Il n’est pas donné de faire corps. Le corps n’est pas non
plus donné. Quand on parle du don de la vie, cette vie que l’on perd ou qui est
reprise, le corps se fait rapidement l’objet d’une logique comptable et
gestionnaire. Suffirait-il d’écouter le corps, de le comprendre, de répondre à
ses besoins, de compenser ses incapacités, de le maîtriser, de parler en son
nom ou d’en revendiquer la singularité ? Toutes ces manœuvres ne
visent-elles pas au contraire à l’évacuer ou à mettre la main dessus, à le
faire taire pour de bon, à se débarrasser de l’angoisse que tout corps procure
par sa seule présence ? À l’heure de la contrainte de transparence et de
la mondialisation du traitement de l’information, le corps continue de faire
scandale : il échappe à toute maîtrise totalitaire, il résiste à la
virtualisation, il est le lieu mystérieux de la vie dans son combat avec la
mort, et enfin, il n’est corps que d’être habité par un énigmatique désir. Le
corps est du désir qui prend forme, qui ne cesse de prendre forme.

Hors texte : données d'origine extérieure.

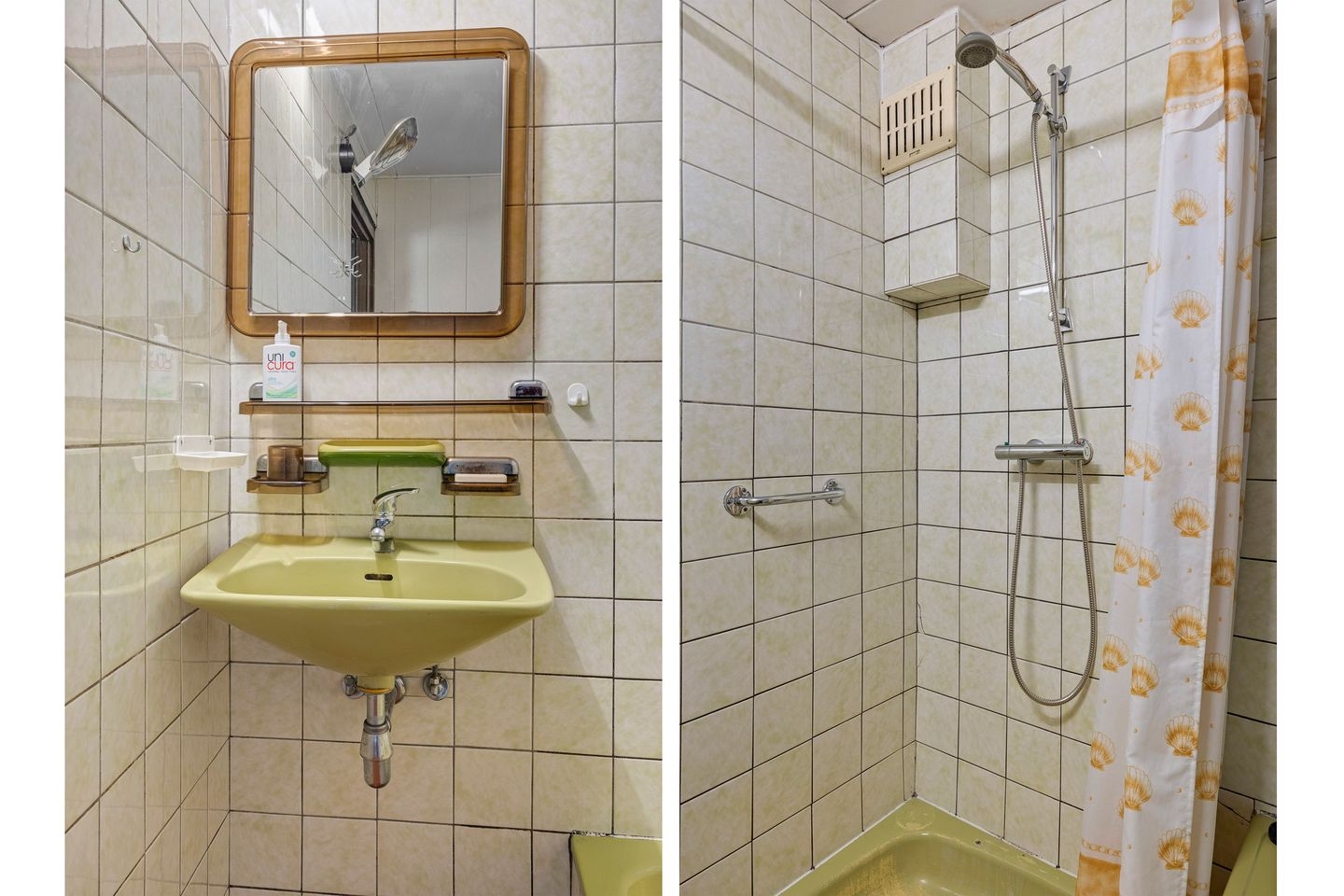 Foto 19 van Past. Esserstraat 9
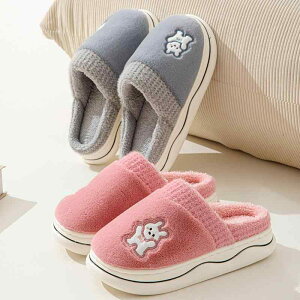 [V[Y fB[X Y  Xbp ~p   h ~ߕt g 킢  DF R[q[ sN O[ 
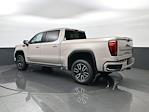New 2026 GMC Sierra 1500 AT4 Crew Cab for sale #G25655 - photo 2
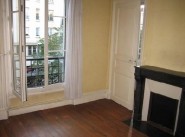 Location appartement Maisons Alfort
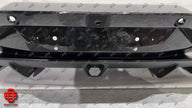 LAMBORGHINI HURACAN PERFORMANTE REAR BUMPER WITH DIFFUSER OEM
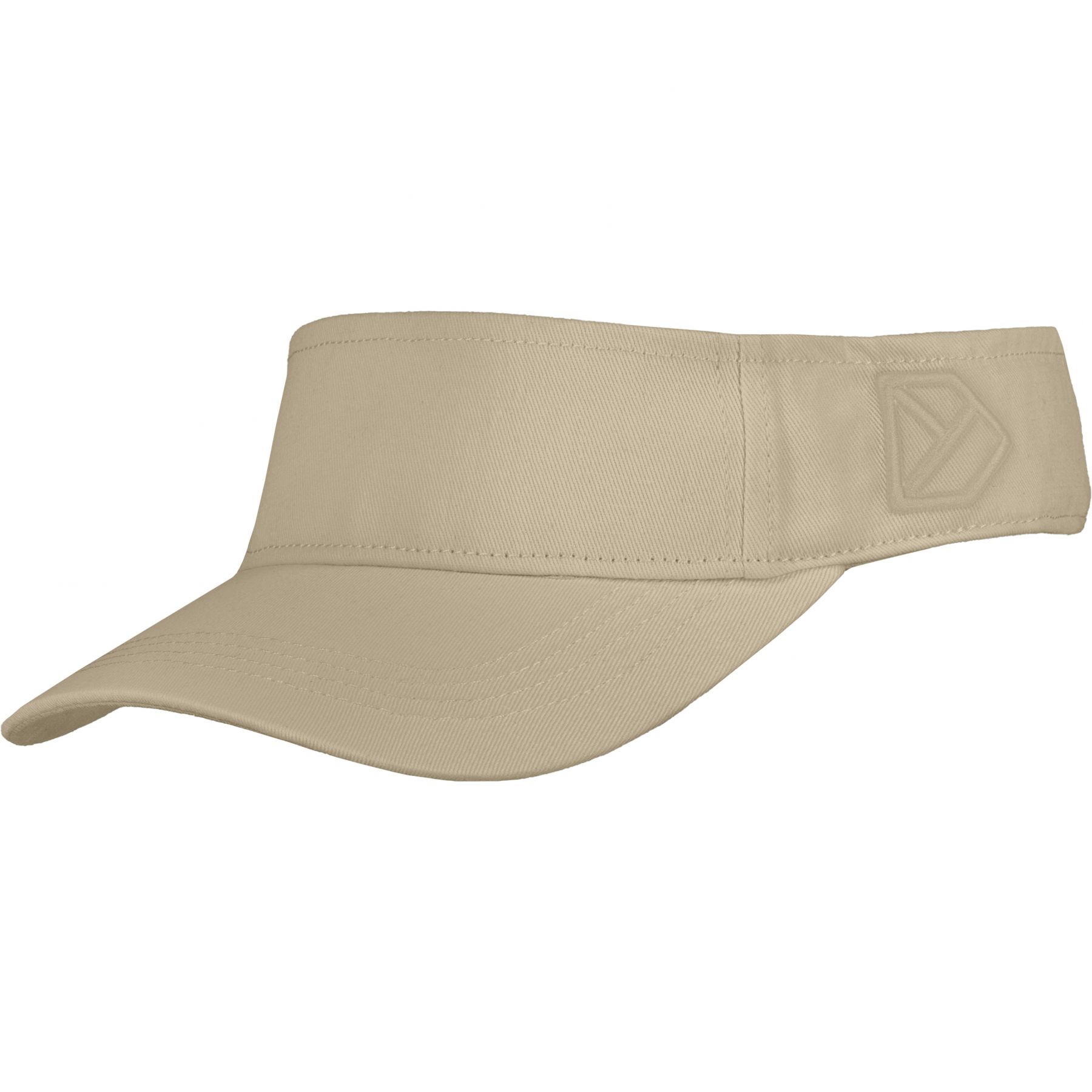 Didriksons Dara, Skärm, Clay Beige - Köp för SEK 263 - Spara 20%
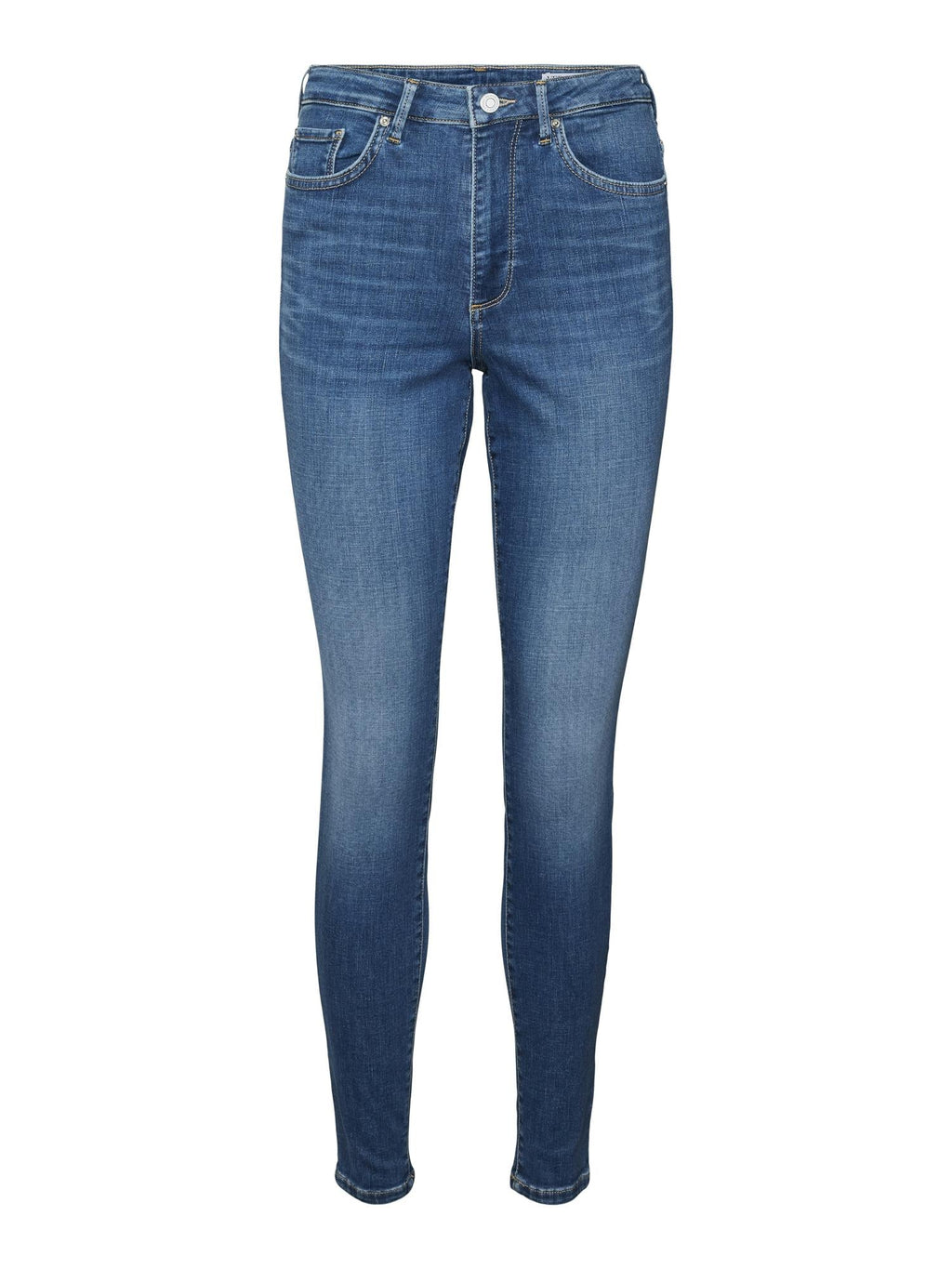 Sophia skinny jeans - novalieshop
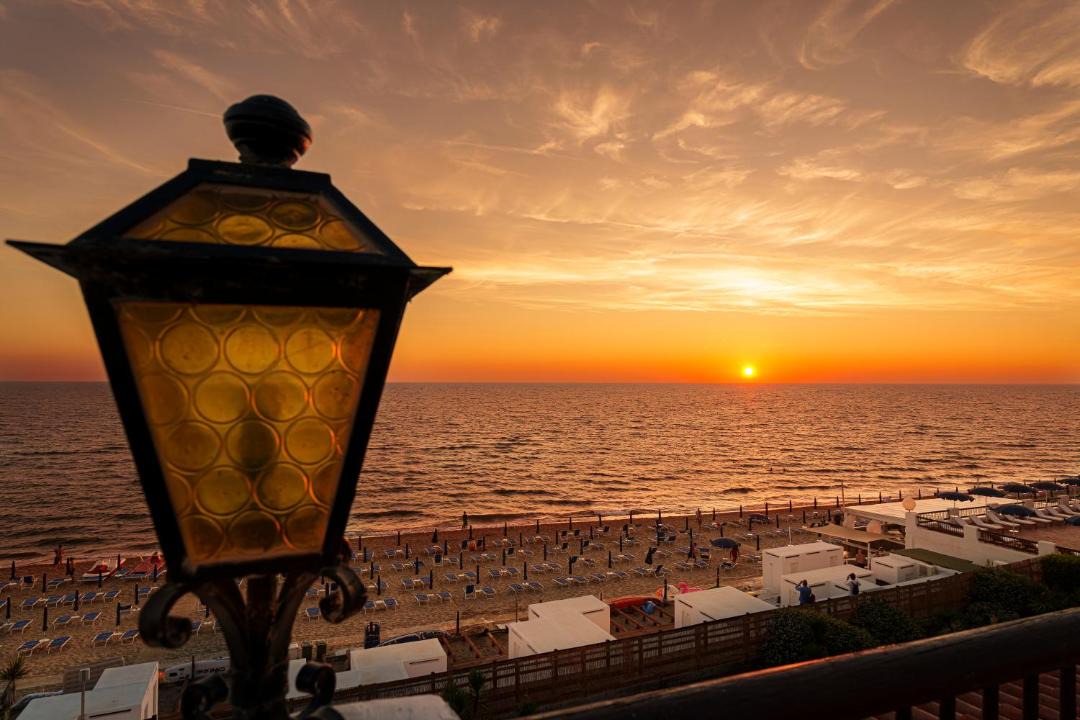 Photo of Others in Lungomare di Sabaudia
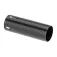 Archwick Cilindro 7/8 Cut AEG
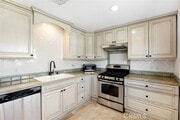 Photo - 6000 Woodman Ave Apartment Unit A1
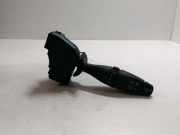 Wischergriff FORD FOCUS III Electric 98AG17A553BC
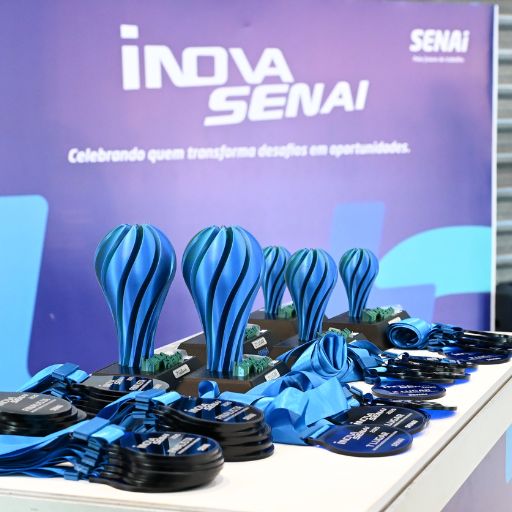 inova-senai-ena-automacao-minas-gerais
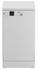 Beko DVS05024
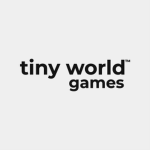 TinyWorld Games
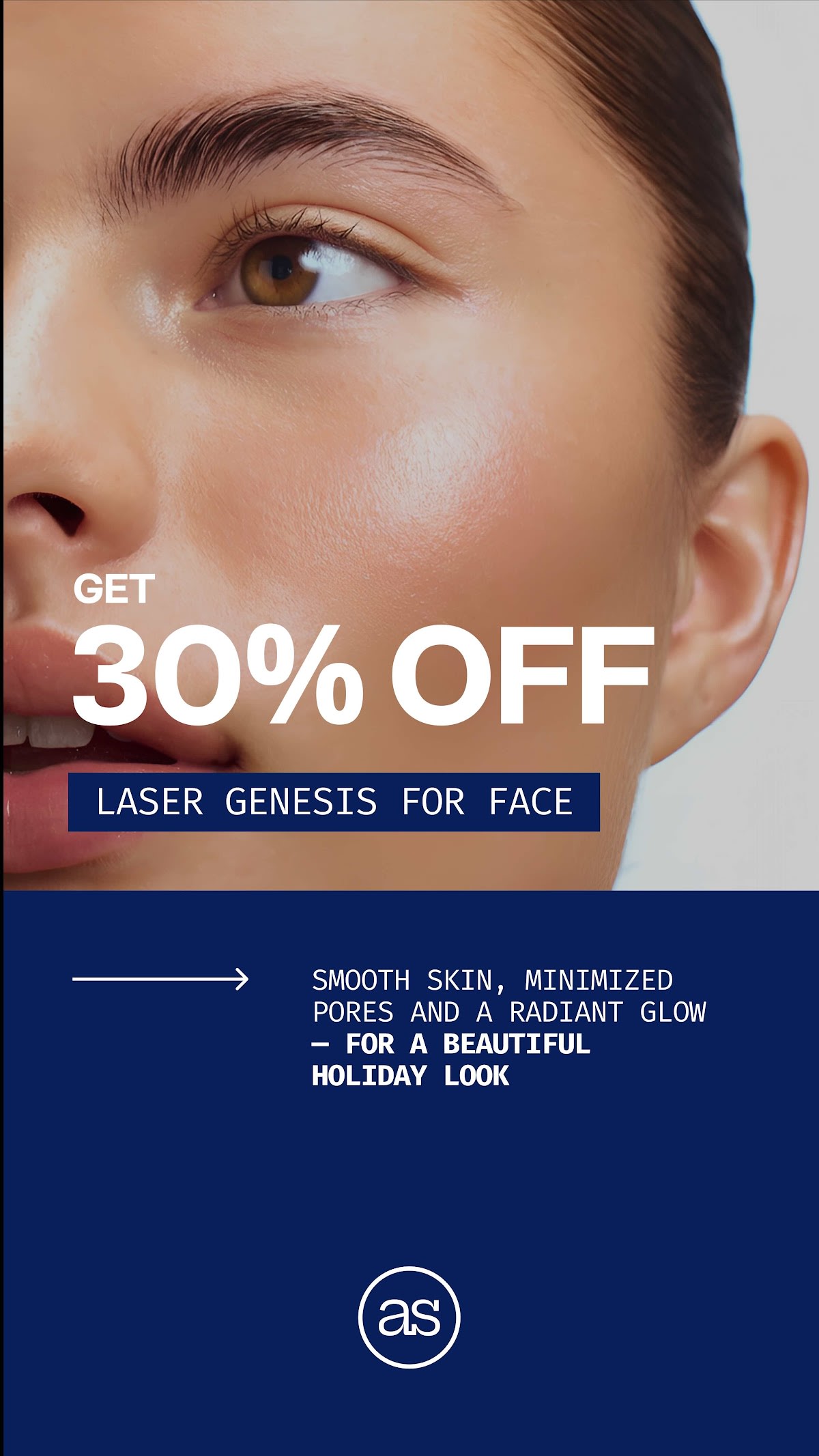 Aesthetic Space Lausanne gallery image 2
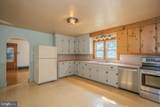 626 Charles Street - Photo 22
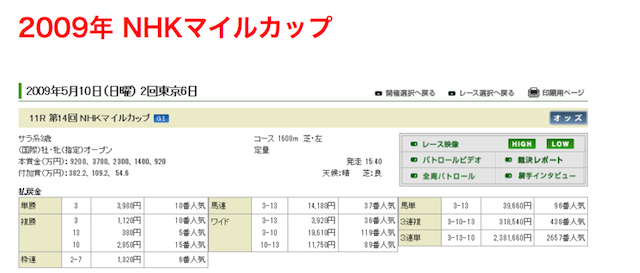 youi004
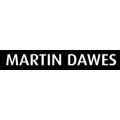 Martin Dawes discount code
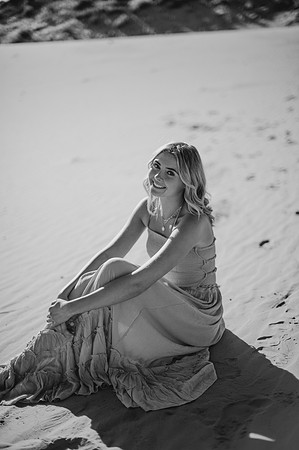 DSC_3198-2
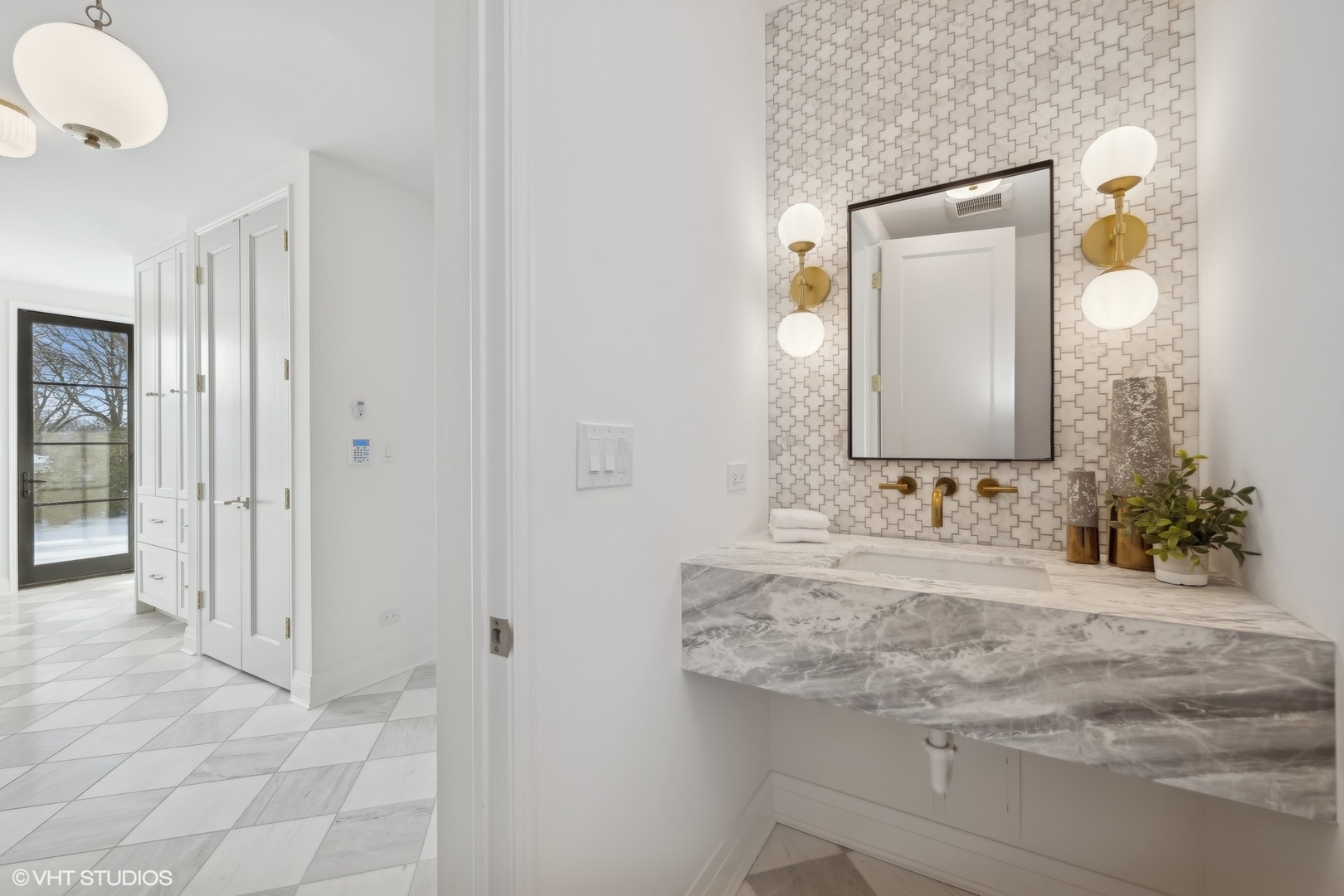 994 Bluff Road Glencoe, IL 60022 - Photo 19 of 72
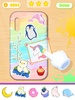 Cell Phone Case DIY Games screenshot 4
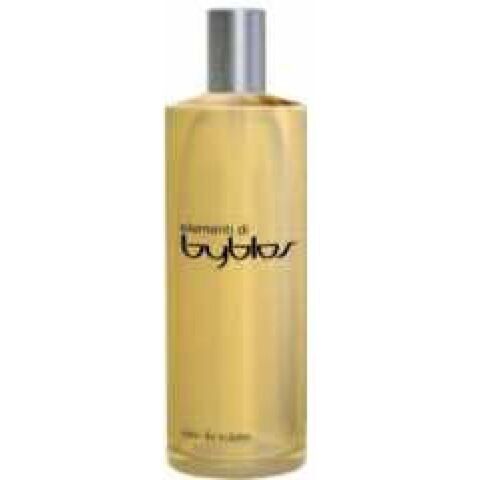 عطر بيبلوس سول بيبلوس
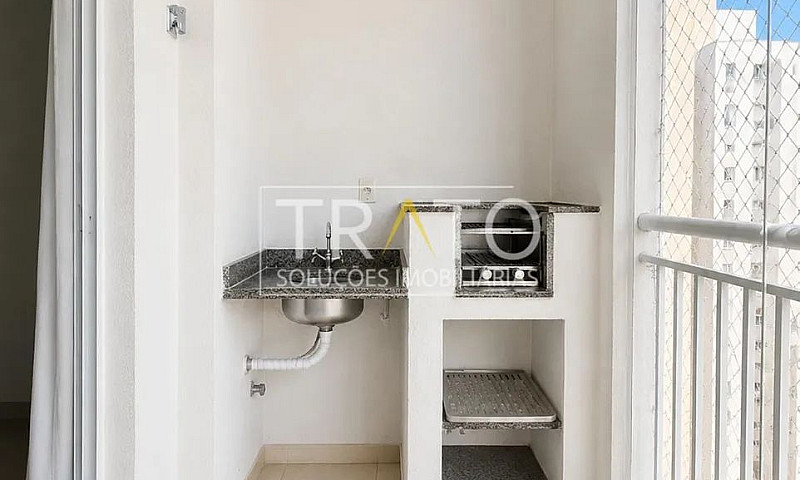 Apartamento Para Loc...
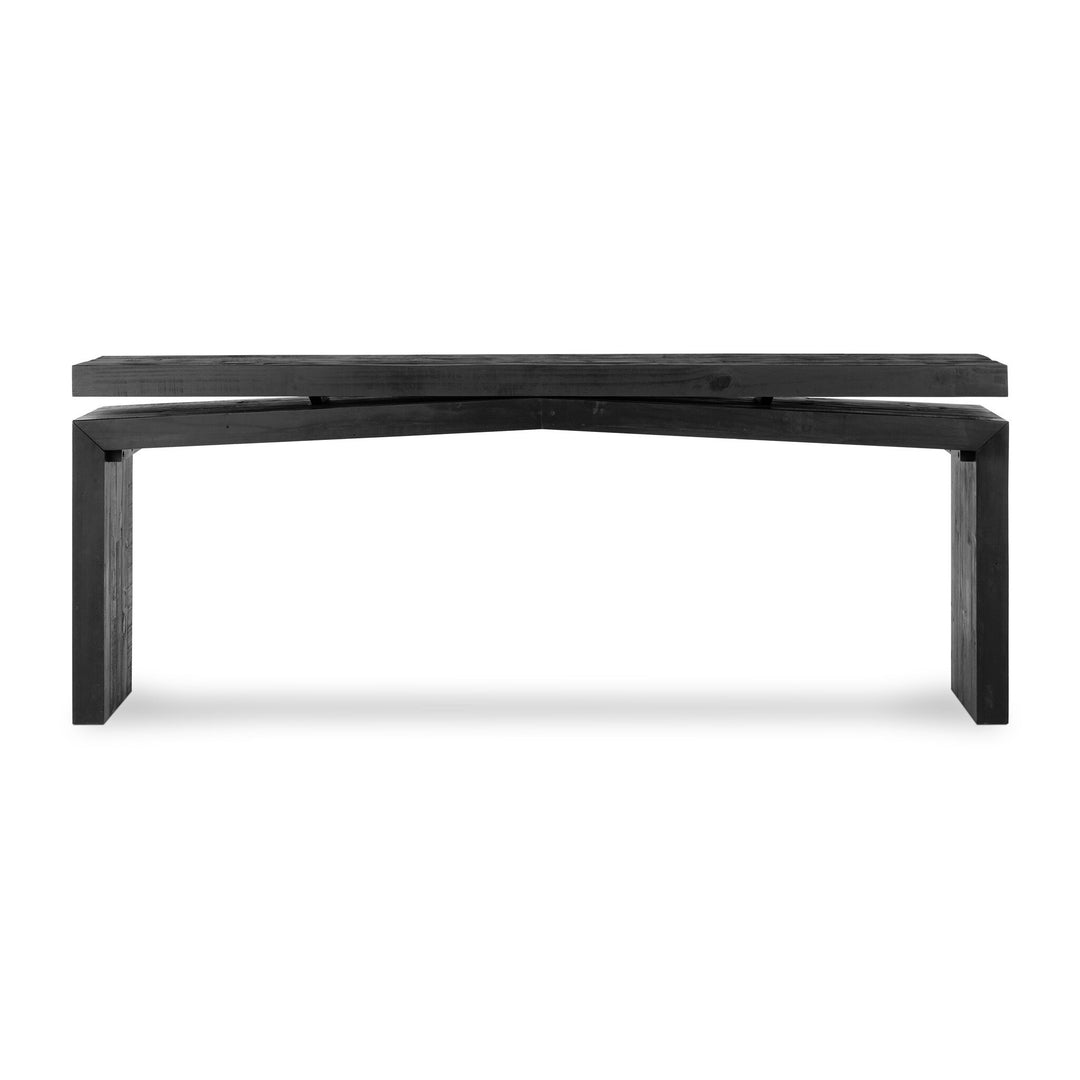 LENA CONSOLE TABLE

Faire corps
ne se fait que dans la création d’un champ qu’ouvrent toutes les dialectiques
de la séparation. Le corps est ainsi parlant d’être parlé et parlé d’être
parlant. Il ne peut exister sans altérité, sans de l’Autre, l’Autre dont il a
besoin pour faire fonctionner les dialectiques qui le font corps humain, corps
de culture, corps en lien avec d’autres corps. Seul l’inconscient quand il s’en
fait littoral lui permet de ne jamais perdre son Autre, ni de s’y perdre.